Por otro lado, el índice PMI de actividad empresarial de la Eurozona ha repuntado este mes a su nivel más alto desde mayo de 2024, alcanzando el nivel de 52.2. "Hemos continuado observando la creciente divergencia entre el rendimiento económico alemán y el francés. Mientras que en Alemania podríamos estar observando los primeros brotes verdes irrigados por la mayor inversión en infraestructura y defensa, en Francia, la incertidumbre política continúa lastrando la actividad económica y paralizando la toma de decisiones de los agentes económicos", señala Diego Barnuevo, analista de Ebury.

"Creemos, al igual que el consenso del mercado" que el BCE mantendrá los tipos también en la reunión de diciembre. En cuanto a la senda de tipos en 2026, el mercado de swaps está descontando un recorte con una probabilidad de en torno el 50%. "Cualquier debate al respecto resulta prematuro, por lo tanto, en los próximos meses podremos esperar un Euribor a 12 meses en torno a los niveles actuales de 2,1%-2,2%", concluye.
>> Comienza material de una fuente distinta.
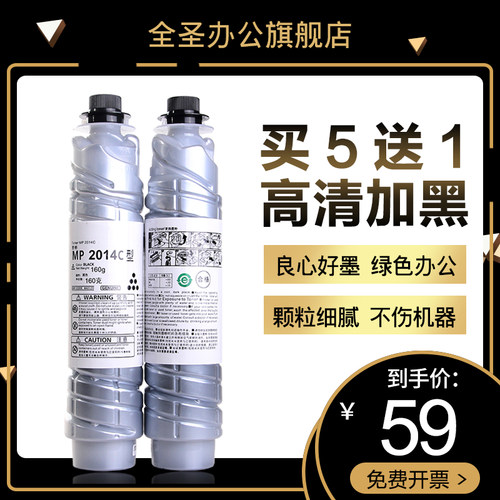 全圣适用理光MP2014C型墨粉RICOH 2014en 2014AD 2014D M2700 M27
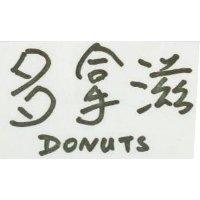 多拿滋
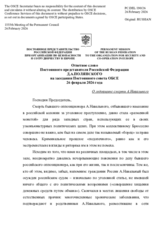 Statement by the Delegation of the Russian Federation on the "Second anniversary of Alexei Navalny’s death on 16 February 2024"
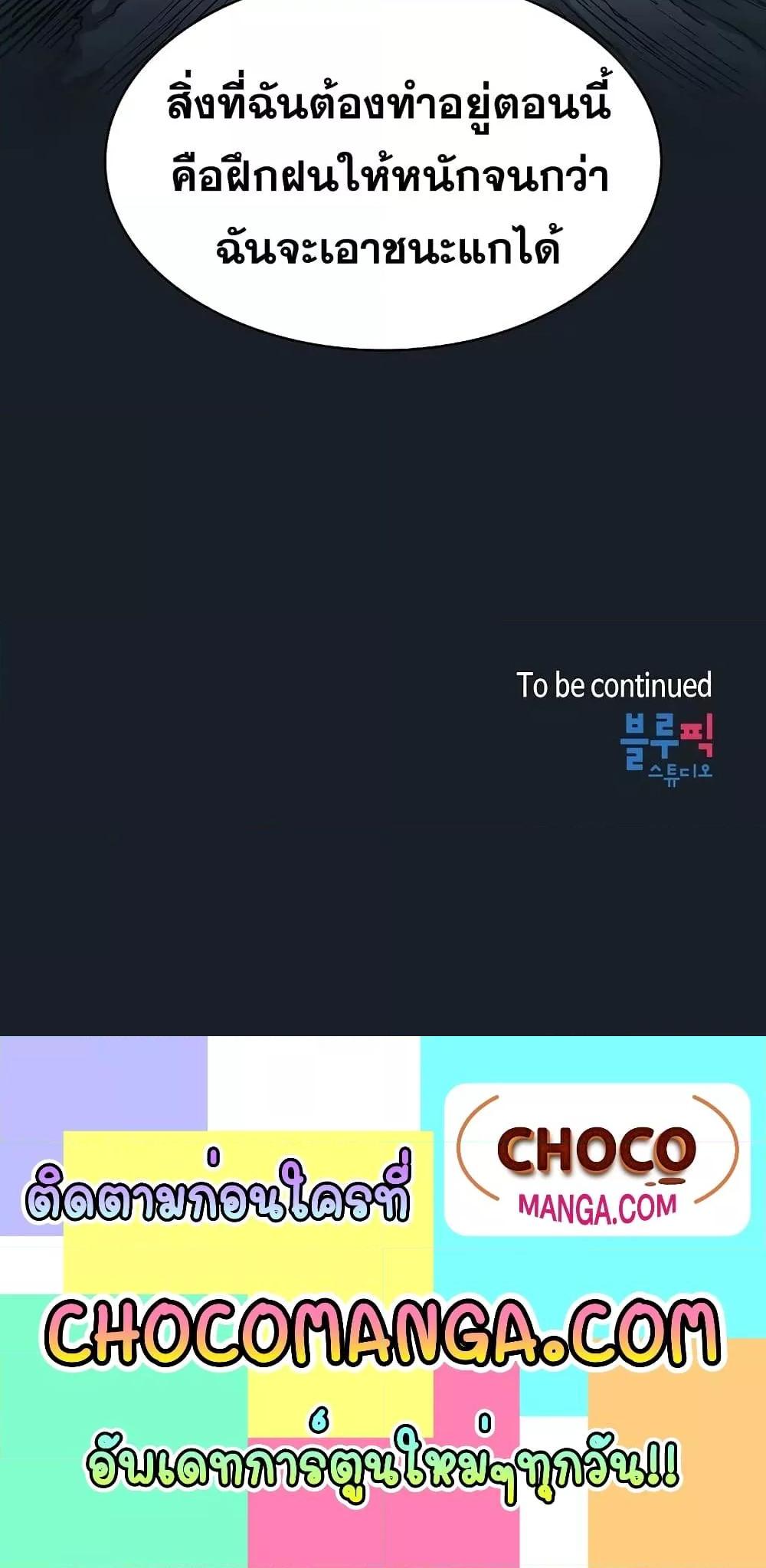 Manga-lc-com อ่านมังงะ อ่านการ์ตูน ออนไลน์ ฟรี TheConstellati ตอนที่ 1 2 3 4 5 6 7 8 9 10 11 12 13 14 ฟรี ไม่มีโฆษณา Manga-lc - อ่าน มังงะ อ่าน การ์ตูน ออนไลน์ อ่านมังงะ ฟรี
Goldman Sachs: la posibilidad de un recorte está subvalorada

Simon Dangoor, responsable de Fixed Income Macro strategies de Goldman Sachs Asset Management: "Creemos que la posibilidad de un recorte en diciembre o en la primera mitad de 2026 está subvalorada, aunque nuestra hipótesis base sigue siendo que el BCE mantendrá los tipos sin cambios en el futuro inmediato. Las lecturas de datos siguen siendo mixtas, mientras que la posible lentitud en la implementación de la expansión fiscal de Alemania podría reducir las perspectivas de crecimiento y moderar a algunos de los halcones del comité. La reunión de diciembre trae consigo las proyecciones económicas para 2028; si muestran que la inflación se sitúa por debajo del objetivo durante tres años consecutivos, los 'palomas' presionarán para que se produzca un recorte cuanto antes".

Creand: "el BCE está muy cómodo"

Los tipos se quedan en el 2%. "El BCE está muy cómodo con el nivel de tipos que hay en este momento. Por muchas preguntas que le hicieran a Lagarde en la rueda de prensa, el crecimiento económico y el nivel de inflación actual no le inquietan. Debe de haber sido la reunión más cómoda que se recuerda en mucho tiempo. El BCE vive tranquilo en el escenario “Goldilocks”, con la inflación totalmente controlada. Económicamente, la debilidad transitoria derivada de los aranceles estadounidenses se verá compensada por el estímulo fiscal alemán. De hecho, Lagarde reconoce que se han mitigado ciertos riesgos a la baja para el crecimiento y hace mención al acuerdo que hubo en verano entre EU y Estados Unidos en materia arancelaria", comenta Miguel Ángel Rico, director de inversiones de Creand Asset Management.

La apreciación del dólar frente al euro es el movimiento más destacable de los activos financieros, después de la reunión del BCE, pero tampoco es un movimiento muy destacable, ya que se esperaba que esta reunión fuese de puro trámite.

DWS: "Todo sigue igual"

Ulrike Kastens, Economista Senior de DWS, tras la reunión del BCE: Todo sigue igual. En la reunión de hoy, el BCE mantuvo sin cambios el tipo de depósito en el 2%. El banco central sigue siendo dependiente de los datos, y las decisiones se toman reunión a reunión, sin ningún compromiso previo con una senda concreta de política monetaria. La presidenta del BCE, Christine Lagarde, reiteró que el BCE “está en una buena posición”. En conjunto, da la impresión de que el BCE se siente cómodo con el nivel actual de los tipos de interés.

Por un lado, los riesgos para el crecimiento económico se han reducido, por ejemplo, gracias al acuerdo alcanzado hoy en la disputa comercial entre Estados Unidos y China. Lagarde también destacó la resiliencia de la economía europea. A pesar de los vientos en contra en materia de política comercial, el PIB creció un 0,2% en el tercer trimestre de 2025 con respecto al trimestre anterior.

Por otro lado, la transmisión de la política monetaria está siendo eficaz. En cuanto a los riesgos inflacionistas, Lagarde subrayó la posibilidad de tensiones en el suministro debido a la escasez de tierras 'raras', lo que podría provocar un repunte de la tasa de inflación. En general, la declaración sugiere que el umbral para posibles recortes de tipos ha vuelto a aumentar.